> **Your goal**
Would you return exactly the lines below from the line with "Lily & Me Pavillion" through the line with "Dinobatkan Sebagai Daerah", both included, and nothing else, leaving out the pictures?

> **Material for this exercise**
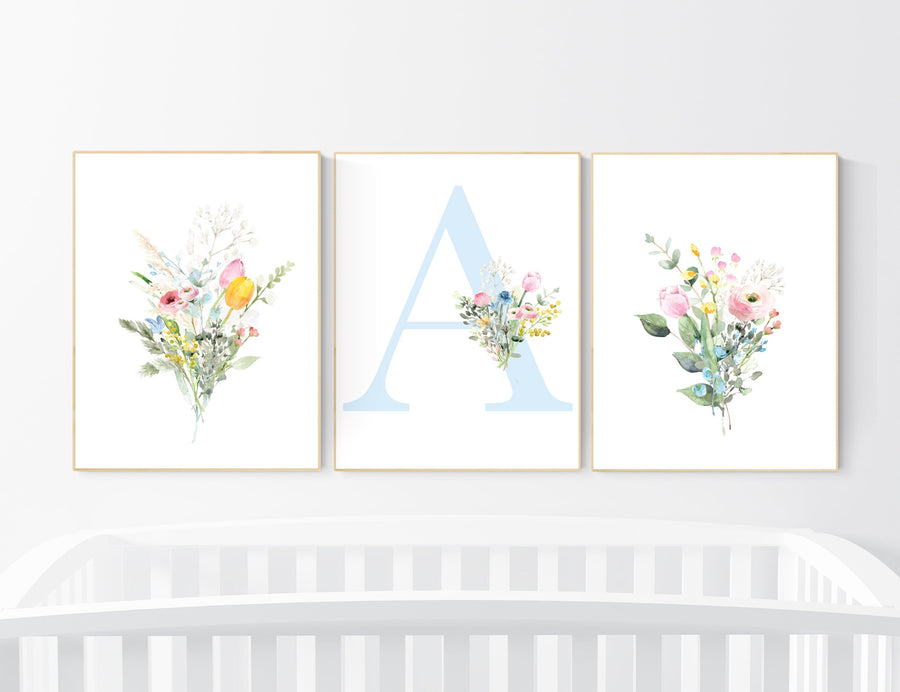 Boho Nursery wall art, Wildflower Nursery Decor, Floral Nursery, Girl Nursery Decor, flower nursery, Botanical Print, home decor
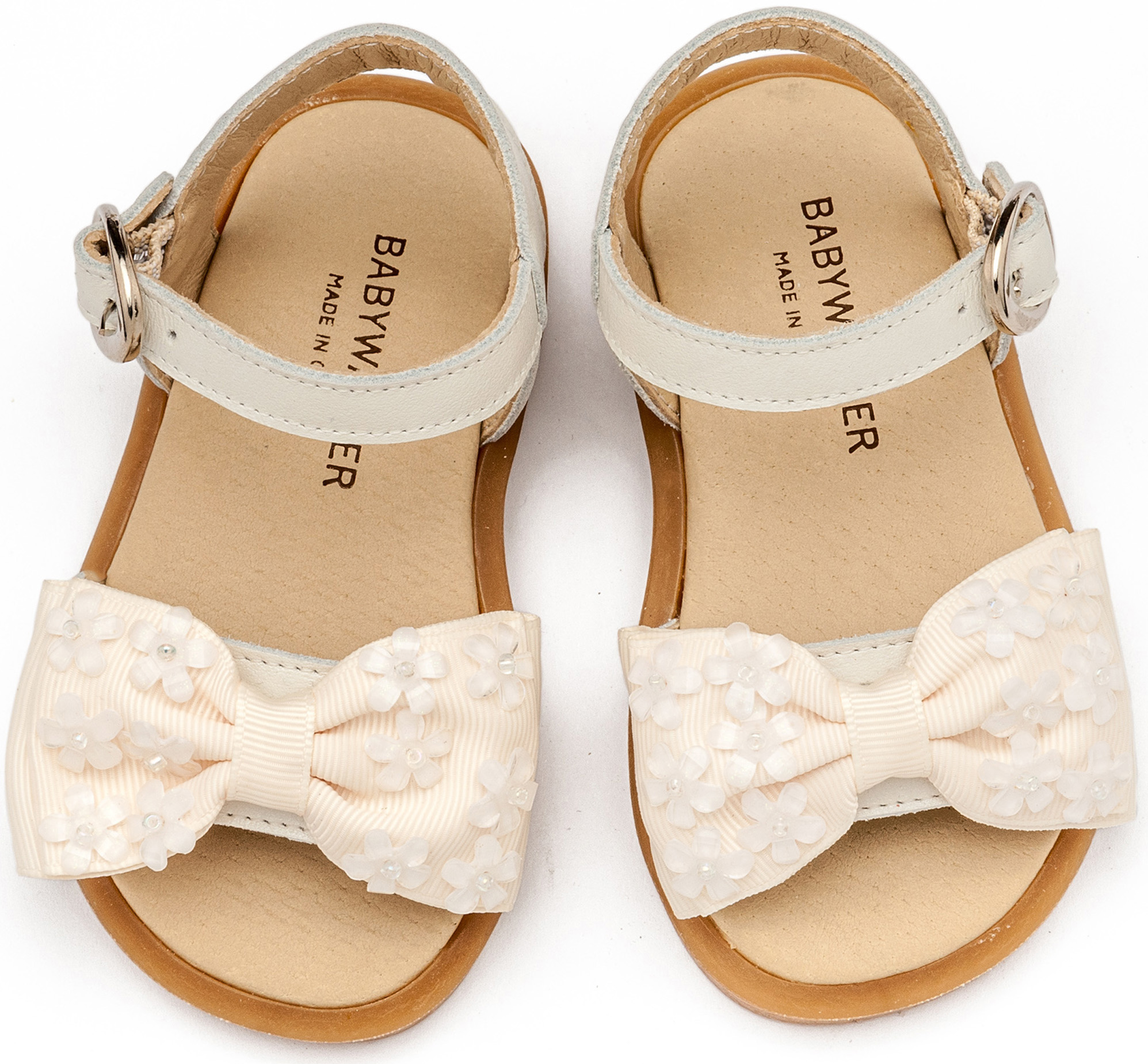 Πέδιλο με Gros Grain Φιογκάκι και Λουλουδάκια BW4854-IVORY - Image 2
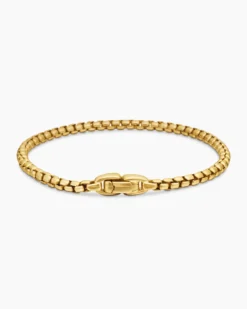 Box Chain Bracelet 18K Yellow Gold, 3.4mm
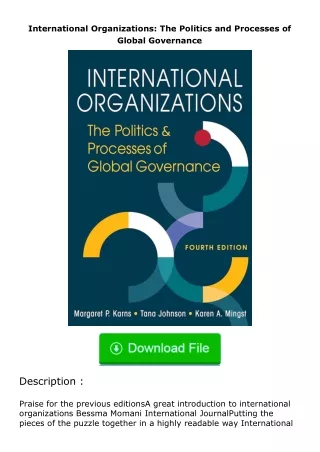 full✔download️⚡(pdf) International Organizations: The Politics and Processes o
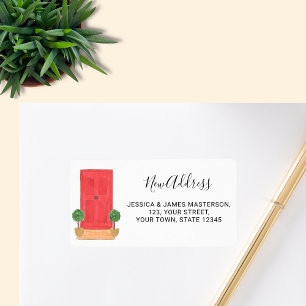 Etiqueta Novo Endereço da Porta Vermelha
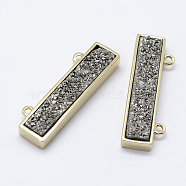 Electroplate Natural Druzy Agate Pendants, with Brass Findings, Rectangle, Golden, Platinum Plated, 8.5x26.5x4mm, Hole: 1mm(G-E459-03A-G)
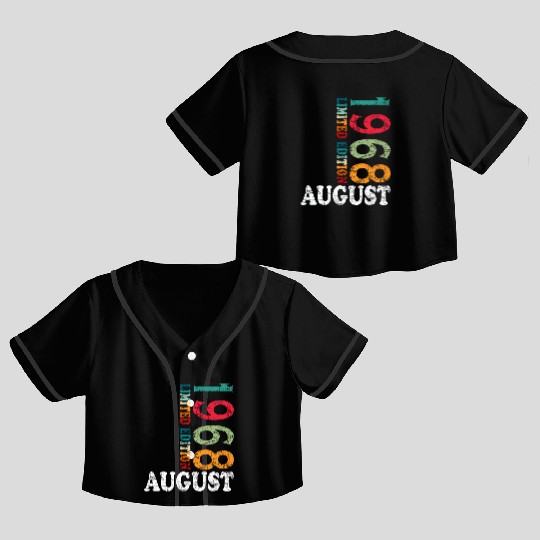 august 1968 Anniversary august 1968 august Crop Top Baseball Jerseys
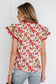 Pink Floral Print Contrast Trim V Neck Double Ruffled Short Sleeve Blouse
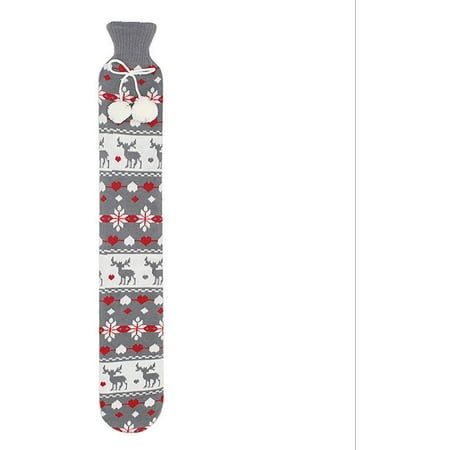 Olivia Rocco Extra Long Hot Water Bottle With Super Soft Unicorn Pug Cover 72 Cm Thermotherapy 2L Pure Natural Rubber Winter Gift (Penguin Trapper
---
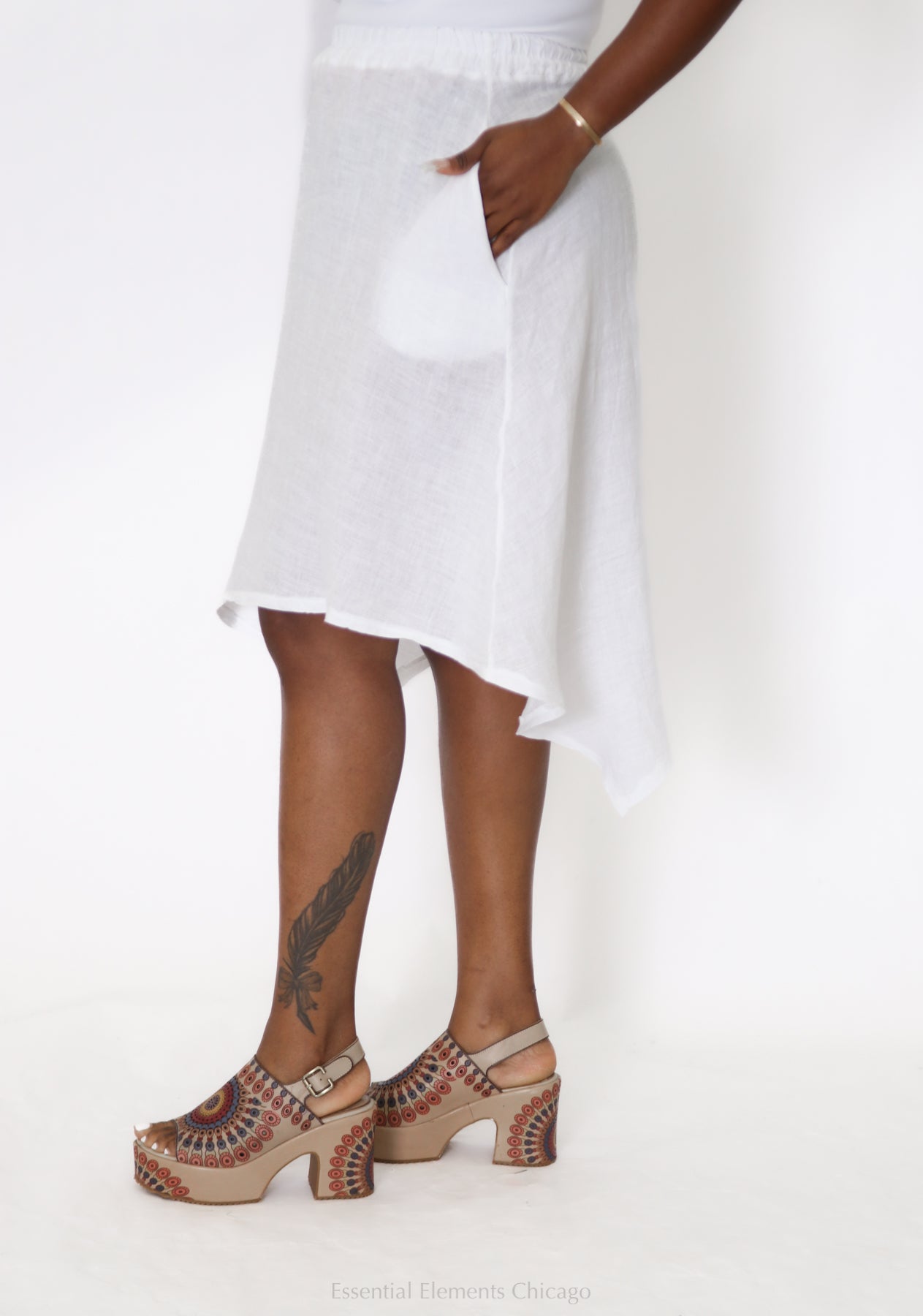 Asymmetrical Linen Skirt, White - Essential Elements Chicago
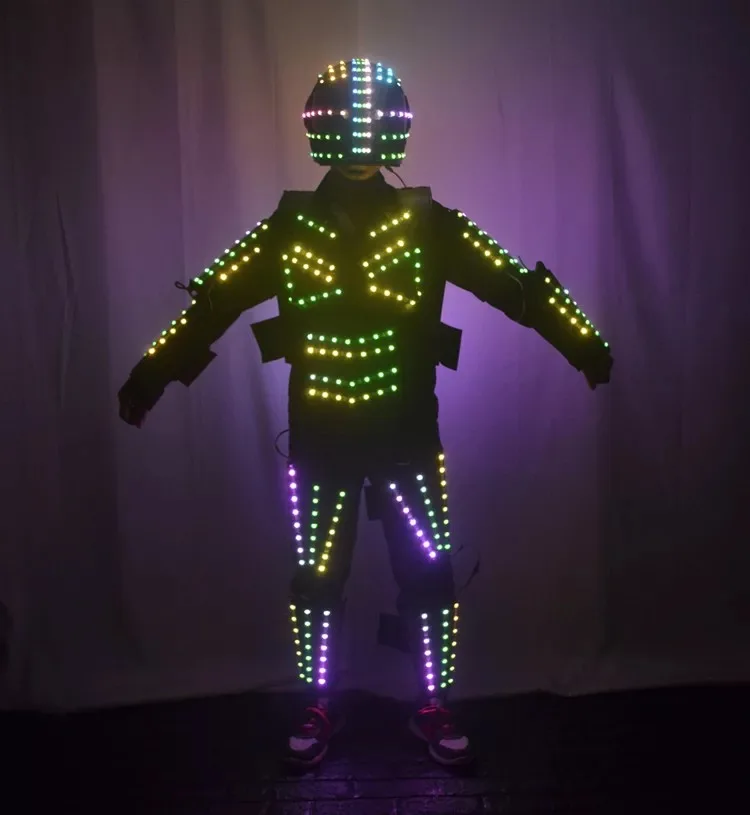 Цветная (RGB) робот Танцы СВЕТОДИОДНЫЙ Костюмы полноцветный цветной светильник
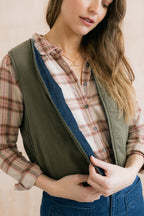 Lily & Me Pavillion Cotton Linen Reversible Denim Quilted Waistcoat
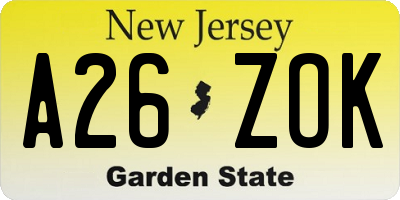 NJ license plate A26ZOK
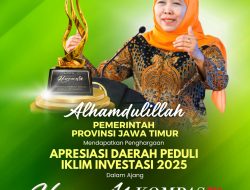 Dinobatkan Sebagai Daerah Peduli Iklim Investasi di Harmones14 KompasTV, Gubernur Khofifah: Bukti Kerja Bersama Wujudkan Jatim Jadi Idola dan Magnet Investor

> **Task output**
 Lily & Me Pavillion Cotton Linen Reversible Denim Quilted Waistcoat
 NJ license plate A26ZOK
 Dinobatkan Sebagai Daerah Peduli Iklim Investasi di Harmones14 KompasTV, Gubernur Khofifah: Bukti Kerja Bersama Wujudkan Jatim Jadi Idola dan Magnet Investor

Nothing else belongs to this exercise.